_WHAT THIS TASK INVOLVES_
Without the pictures, restate all of the data below word for word.

Collected data entries

============

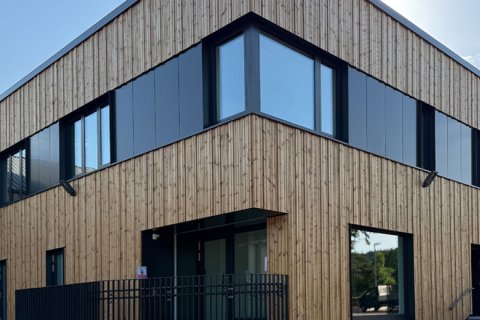 Ausschnitt Fassade Holz - Blechverkleidung Gemeinde Atelier: Ausschnitt Aussenansicht Holzfassade mit Blechverkleidungen zwischen Fensterband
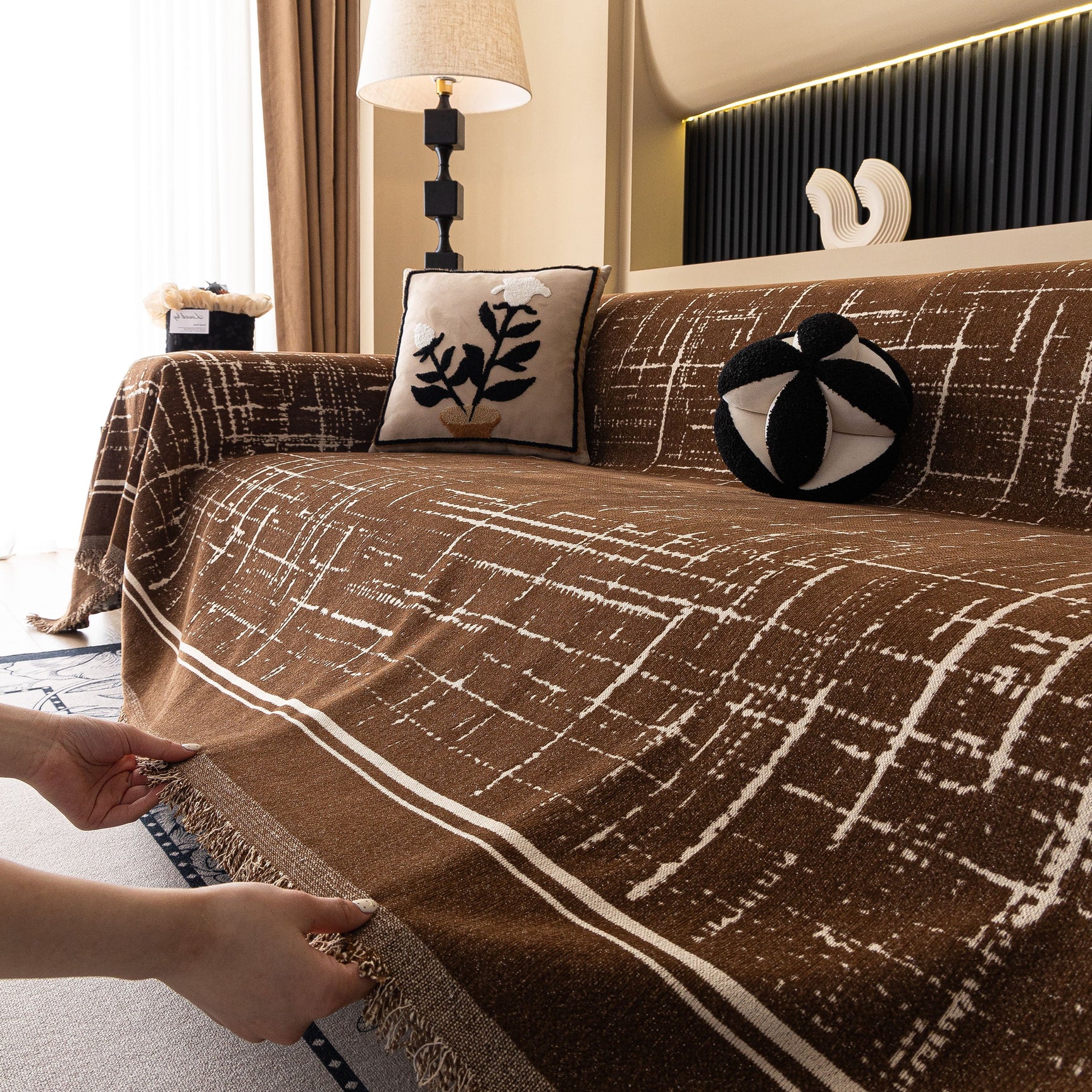 Modern Couch Protector Blanket Woven Chenille Sofa Cover Throw with Artistic Grid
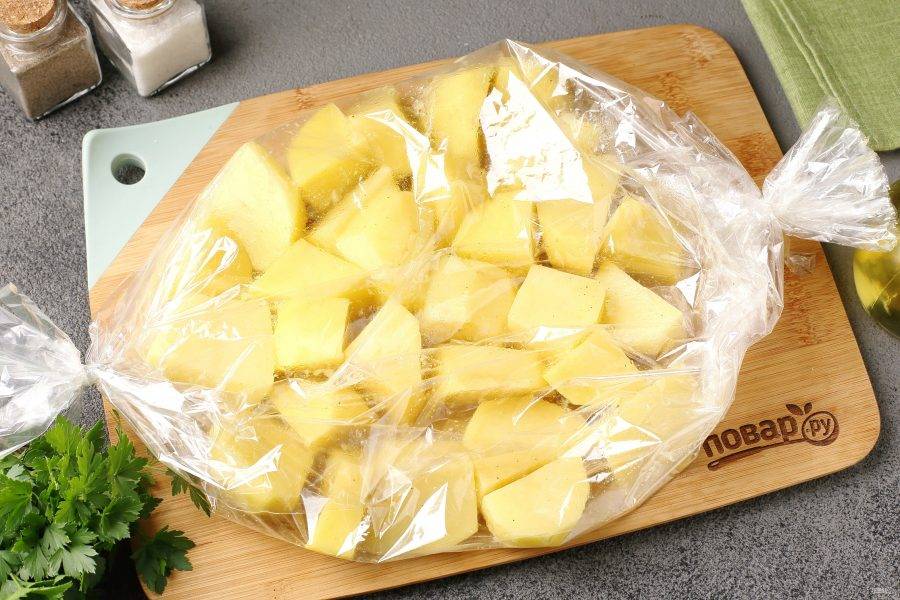 Переложите картофель в рукав для запекания. Выкладываем картофель так, чтобы он лежал в один слой. Завяжите концы пакета, сделайте несколько проколов ножом для выхода пара и запекайте в духовке при температуре 220 градусов около 40 минут. Готовность проверяйте ножом.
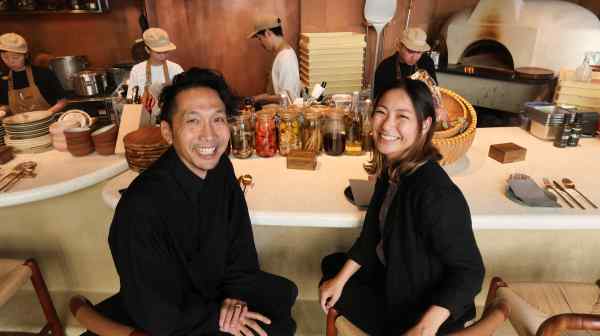 Pizza 4P's founders Yosuke Masuko (left) and&nbsp;Sanae Takasugi sit down at their Pizza 4P's branch in Tokyo. The former IT workers take a data-driven approach to making food for the soul. (Photo by Ken Kobayashi)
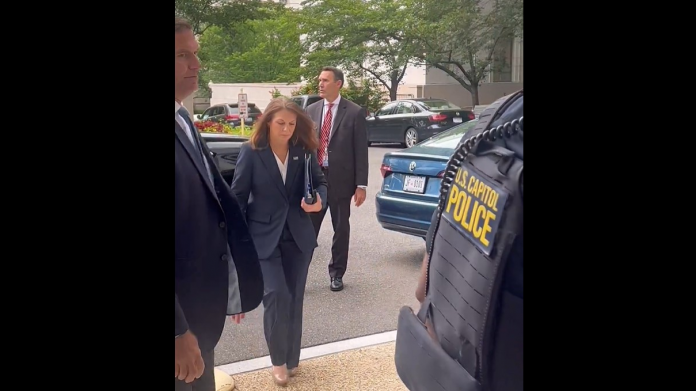 “you-failed-cheatle-in-assassinating-trump!-you-failed!”-–-secret-service-director-heckled-as-she-enters-us-capitol-to-testify-(video)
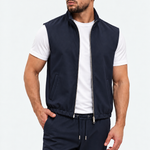 MONZA bodywarmer marineblauw – vooraanzicht met blik opzij, complete set met bijpassende pants (studio)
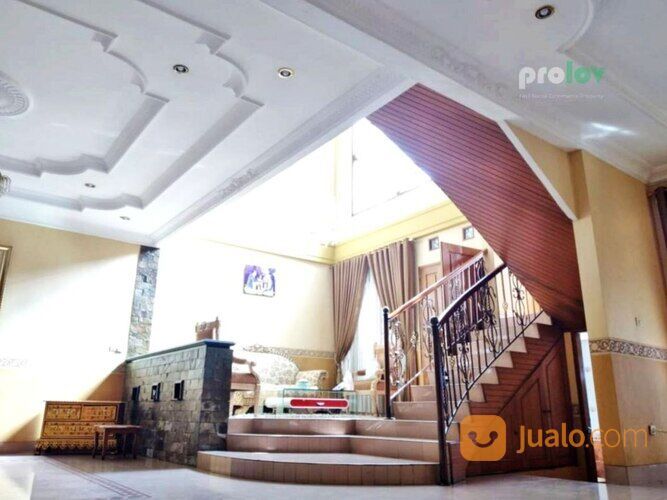 Rumah Siap Huni Mewah Di Jalan Subang Antapani Bandung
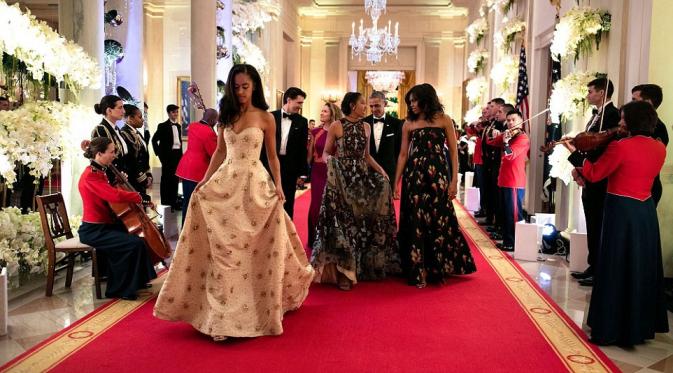 Barack dan Michelle Obama bersama kedua putri cantik mereka, Malia dan Sasha. (Foto: Pete Souza/DailyMail)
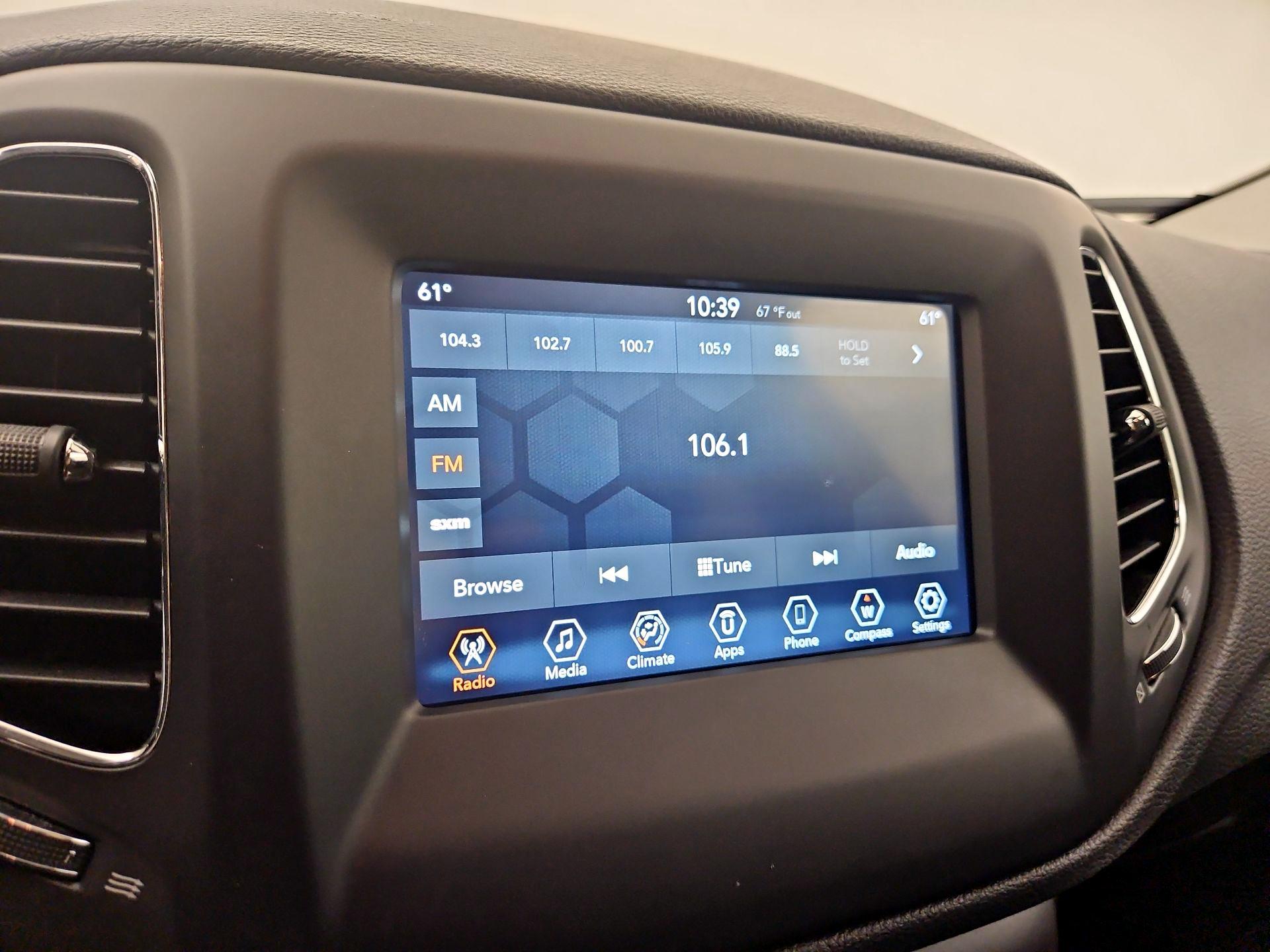 Thumbnail: 2020 Jeep Compass - 15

============

_COMPLETED EXERCISE_
 Ausschnitt Fassade Holz - Blechverkleidung Gemeinde Atelier: Ausschnitt Aussenansicht Holzfassade mit Blechverkleidungen zwischen Fensterband
 Modern Couch Protector Blanket Woven Chenille Sofa Cover Throw with Artistic Grid
 Переложите картофель в рукав для запекания. Выкладываем картофель так, чтобы он лежал в один слой. Завяжите концы пакета, сделайте несколько проколов ножом для выхода пара и запекайте в духовке при температуре 220 градусов около 40 минут. Готовность проверяйте ножом.
 Pizza 4P's founders Yosuke Masuko (left) and&nbsp;Sanae Takasugi sit down at their Pizza 4P's branch in Tokyo. The former IT workers take a data-driven approach to making food for the soul. (Photo by Ken Kobayashi)
 “you-failed-cheatle-in-assassinating-trump!-you-failed!”-–-secret-service-director-heckled-as-she-enters-us-capitol-to-testify-(video)
 MONZA bodywarmer marineblauw – vooraanzicht met blik opzij, complete set met bijpassende pants (studio)
 Rumah Siap Huni Mewah Di Jalan Subang Antapani Bandung
 Barack dan Michelle Obama bersama kedua putri cantik mereka, Malia dan Sasha. (Foto: Pete Souza/DailyMail)
 Thumbnail: 2020 Jeep Compass - 15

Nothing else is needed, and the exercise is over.